• [Requirement]:
The reply should repeat all of the data word for word, with no pictures.

• [Source data]:
-------------------------

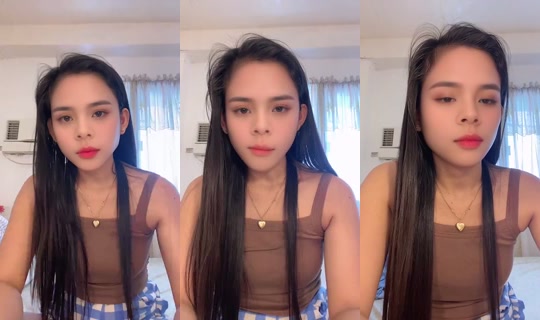 GDGracia2024's Stream - Aug 6, 2026, 4:15 AM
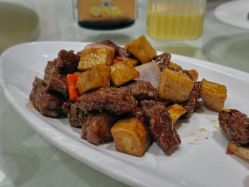 -上海浦东华美达大酒店·宴会厅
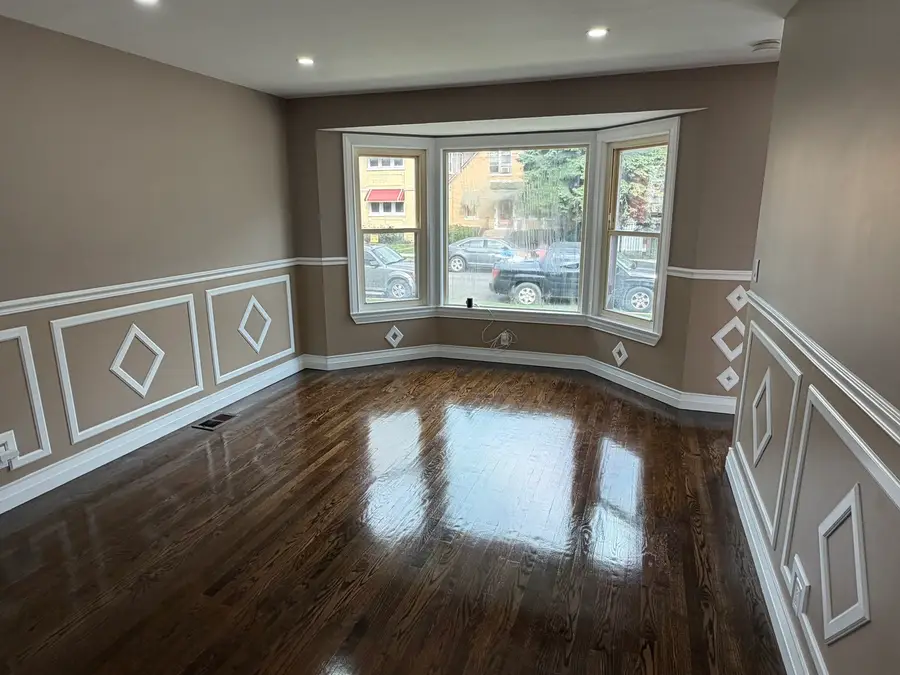 7254 S Talman Avenue, Chicago, IL 60629 - #2
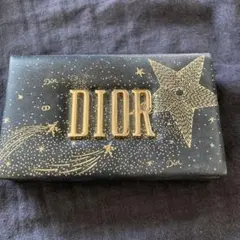 ディオール　アイシャドウ　パレット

-------------------------

• [Expected answer]:
 GDGracia2024's Stream - Aug 6, 2026, 4:15 AM
 -上海浦东华美达大酒店·宴会厅
 7254 S Talman Avenue, Chicago, IL 60629 - #2
 ディオール　アイシャドウ　パレット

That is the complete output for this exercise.